The decision by ESA’s Earth Observation Program Board will permit the 21-nation ESA to issue bid requests to the two consortia, led by Airbus Defence and Space and OHB AG of Bremen, Germany, that have been working on the Biomass satellite design.
The bid solicitation will be sent out in March, with responses due by June and an expected decision on a satellite contract, valued at about 220 million euros ($275 million), in September. A launch could occur in late 2020.
The ESA board’s approval came after ESA and NASA concluded a Technical Assistance Agreement (TAA) that will allow NASA’s Jet Propulsion Laboratory to share details of the 6-meter-diameter mesh antenna on NASA’s Soil Moisture Active Passive (SMAP) satellite.
SMAP was launched Jan. 31 and the boom to support the mesh antenna was successfully deployed Feb. 18, NASA said. The antenna itself, built by Northrop Grumman Astro Aerospace of Carpenteria, California, is scheduled for deployment in the coming week.
The deployment will be closely watched by ESA as the agency will be purchasing a 12-meter-diameter mesh antenna either from Northrop Grumman or from Harris Corp. of Melbourne, Florida. The SMAP antenna system has the additional complexity of having to rotate, at 14.6 revolutions per minute, during the mission’s life.
Despite industrial attempts to win government backing, Europe has not developed large-diameter mesh antenna technology — one reason why ESA and Inmarsat of London used U.S. hardware for the Alphasat telecommunications satellite in geostationary orbit.
“I was in Washington two weeks ago for bilateral talks with NASA and it was confirmed that JPL will support us,” ESA Earth Observation Director Volker Liebig said in a Feb. 18 interview. “We have a TAA with them, so we will be able to profit from their experience with SMAP. The ground testing of an antenna like this is not trivial, so we are happy to have NASA as a partner to support us. The thermal loads on the antenna structure are completely different in low Earth orbit, with more shadow-and-sun cycles compared to geostationary orbit 36,000 kilometers in altitude.”
NASA’s own experience with mesh antennas suggests the challenge. In 1991, NASA’s Galileo probe to Jupiter failed to fully deploy its high-gain antenna. The mission was nonetheless a success.
ESA had tentatively approved the Biomass mission in May 2013, but asked that the program be paused before hardware construction began to verify that the required technologies were available and that the cost-at-completion estimate, of as much as 420 million euros, or $505 million, withstood scrutiny. The cost figure includes the satellite, its launch aboard a European Vega rocket, and operations in orbit.
“We are now very confident that the target prices will be met, which is why the board issued the green light today,” Liebig said.
The Biomass mission will use P-band frequency on its synthetic aperture radar. The frequencies, between 420 and 450 megahertz, are in use in North America, Greenland, Britain and Turkey by the United States and its allies as part of a missile warning and space-surveillance system known as the Space Object Tracking Radar network.

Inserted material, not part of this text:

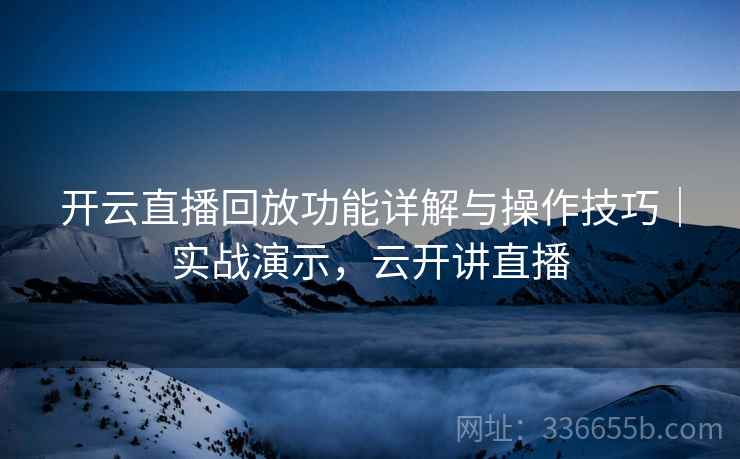 开云直播回放功能详解与操作技巧｜实战演示，云开讲直播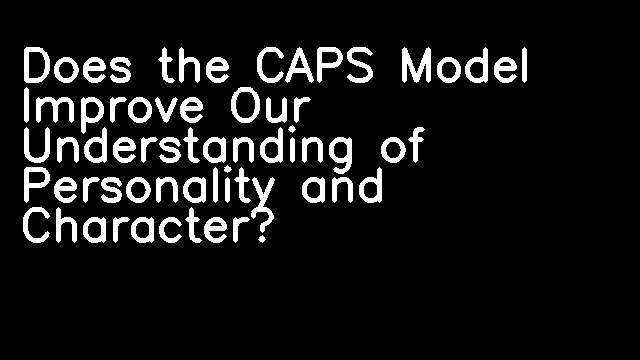 Does the CAPS Model Improve Our Understanding of Personality and Character?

Wherever these radars are operating, Biomass will not work. Some Biomass supporters had feared that deployment of ground radars using these frequencies would spread beyond the current zones, compromising Biomass’ scientific harvest.

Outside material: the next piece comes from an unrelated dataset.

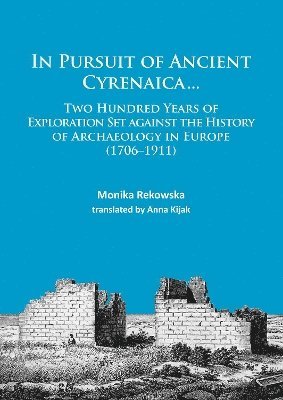 In Pursuit of Ancient Cyrenaica... 1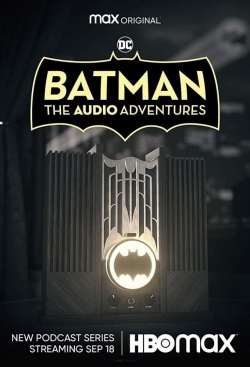 watch Batman: The Audio Adventures Movie online free in hd on Red Stitch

Liebig said this remains a concern, but that the consensus is that the data produced from tropical rainforests will be of such value that Biomass has retained Earth scientists’ favor despite the radar threat.

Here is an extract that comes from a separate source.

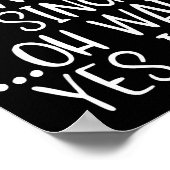 Poster I Don't Always Sing Oh Yes I Do Funny Singing Sing (Coin)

The ground radars “were explicitly taken into account in the scientific assessment” of Biomass, Liebig said.
“The conclusion was that the most uncertainties in today’s biomass models are in the tropical rainforests. For the rainforests in North America, Europe and Russia we have relatively good statistics. The goal of Biomass is to bring the modeling error for the tropical rainforests down to 20 percent. It’s around 40 percent now,” Liebig said. “This can be done even after accounting for the ground radars.”